Because in an array of CMOS cells, configured as shown in FIG. 1, erase is 
done in bulk, different voltages are not required for unselected cells as 
in programming. 
Voltages applied to the CMOS memory cell of FIG. 1 during program, erase, 
read, and not program are indicated in Table I below. 
TABLE I 
______________________________________ 
WC WL ACG Vss 
______________________________________ 
Program Vpp Vcc 0 Floating 
Erase Floating 0 Vpp 0 
Read Vcc 0 Vcc/2 0 
Not Program Vpp Vpp 0 Floating 
______________________________________ 
The typical programming voltage Vpp is 12 V. The Vcc voltage indicates the 
chip power supply input pin voltage which is typically 5 V, or 3 V for low 
power devices. 
Because the CMOS cell of FIG. 1 does not include a means to enable or 
disable a path through the NMOS transistor 104, apart from programming its 
floating gate, the circuitry of FIG. 1 is not practical for use as an 
array cell for a PLD. To illustrate, FIG. 3 shows the connections of two 
array cells 301 and 302 in a PLD. As shown, each array cell 301 and 302 
receives an input signal COL1 and COL2 as an enable signal EN. Each of 
cells 301 and 302 further has one connection to a product term (PT) line 
and an additional connection to a product term ground (PTG) line.
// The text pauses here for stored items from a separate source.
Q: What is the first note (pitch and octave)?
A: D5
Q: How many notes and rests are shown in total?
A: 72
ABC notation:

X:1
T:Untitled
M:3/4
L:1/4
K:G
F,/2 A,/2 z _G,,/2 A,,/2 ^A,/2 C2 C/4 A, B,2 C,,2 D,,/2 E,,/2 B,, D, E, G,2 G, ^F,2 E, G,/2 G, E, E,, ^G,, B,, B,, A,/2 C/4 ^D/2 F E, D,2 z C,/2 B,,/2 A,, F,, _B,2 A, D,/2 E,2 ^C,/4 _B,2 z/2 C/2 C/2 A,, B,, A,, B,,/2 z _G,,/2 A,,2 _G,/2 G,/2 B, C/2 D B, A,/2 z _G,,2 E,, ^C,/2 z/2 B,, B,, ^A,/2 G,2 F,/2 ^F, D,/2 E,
The PT 
line forms an input to a buffer 312 included in a sense amplifier 310. The 
PTG line provides a connection to Vss in the sense amplifier 310. The 
sense amplifier 310 also includes a current source 314 connected to the 
input of the buffer 312. Array cells 301 and 302 are programmed to provide 
a connection from the PT to the PTG line, the connection being provided 
when the array cell receives an appropriate EN signal. 
Although the circuit of FIG. 1 can be programmed to provide a path between 
its output and Vss, no separate enable (EN) is provided, making the cell 
of FIG. 1 inadequate for use as one of array cells 301 or 302 in a PLD. 
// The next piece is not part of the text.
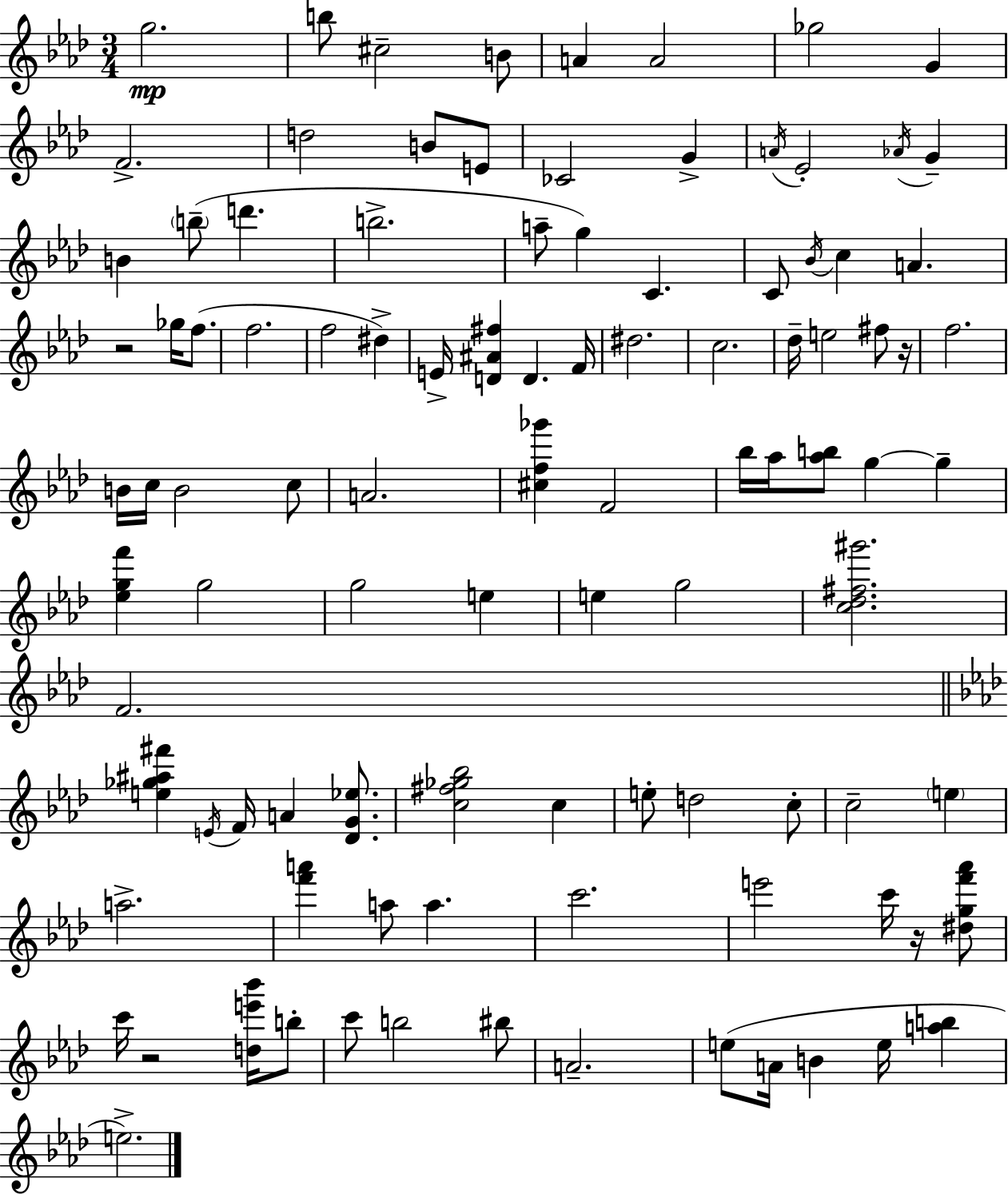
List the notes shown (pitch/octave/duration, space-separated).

G5/h. B5/e C#5/h B4/e A4/q A4/h Gb5/h G4/q F4/h. D5/h B4/e E4/e CES4/h G4/q A4/s Eb4/h Ab4/s G4/q B4/q B5/e D6/q. B5/h. A5/e G5/q C4/q. C4/e Bb4/s C5/q A4/q. R/h Gb5/s F5/e. F5/h. F5/h D#5/q E4/s [D4,A#4,F#5]/q D4/q. F4/s D#5/h. C5/h. Db5/s E5/h F#5/e R/s F5/h. B4/s C5/s B4/h C5/e A4/h. [C#5,F5,Gb6]/q F4/h Bb5/s Ab5/s [Ab5,B5]/e G5/q G5/q [Eb5,G5,F6]/q G5/h G5/h E5/q E5/q G5/h [C5,Db5,F#5,G#6]/h. F4/h. [E5,Gb5,A#5,F#6]/q E4/s F4/s A4/q [Db4,G4,Eb5]/e. [C5,F#5,Gb5,Bb5]/h C5/q E5/e D5/h C5/e C5/h E5/q A5/h. [F6,A6]/q A5/e A5/q. C6/h. E6/h C6/s R/s [D#5,G5,F6,Ab6]/e C6/s R/h [D5,E6,Bb6]/s B5/e C6/e B5/h BIS5/e A4/h. E5/e A4/s B4/q E5/s [A5,B5]/q E5/h.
Additionally, with the source of the NMOS transistor of a cell of FIG. 1 
which is not selected for programming floating during programming of 
another array cell, current leakage can occur which can cause a disturb 
condition wherein electrons are injected onto the common floating gate in 
the unselected cell. As shown in Table I, for programming a particular 
cell, a WL voltage of Vcc is applied, but for cells not to be programmed 
receiving the same WC voltage, a WL voltage of Vpp+ is applied. The WL 
voltage of Vpp+ is applied so that the source of the PMOS transistors, 
such as 102, of unselected cells are floating, so that if the drains of 
the PMOS transistors of unselected cells are also floating, no leakage 
current will occur in unselected cells. However, a large number of cells 
in an array will require a long Vss line. The long Vss line may have a 
significant capacitive component, enabling charge storage. By connecting 
the source of NMOS transistors of the unselected cell to the Vss line, a 
current flow can occur to charge up the capacitance of the Vss line so 
that the drain of the NMOS transistor of the unselected cell is not 
floating. With the drain of an NMOS transistor not floating, the drain of 
a corresponding PMOS transistor to which it is connected will not be 
floating, but conducting a leakage current. Such current leakage during 
programming may disturb the program condition of unselected cells, which 
is not desirable. 
U.S. patent application Ser. No. 08/447,991, entitled "A Completely 
Complementary MOS Memory Cell With Tunneling Through The NMOS And PMOS 
Transistors During Program And Erase" to Lin et al., incorporated herein 
by reference, discloses including an additional NMOS pass transistor 
between the source of the NMOS transistor 104 and Vss to limit leakage 
current from the NMOS transistor 104 to the Vss line during programming. 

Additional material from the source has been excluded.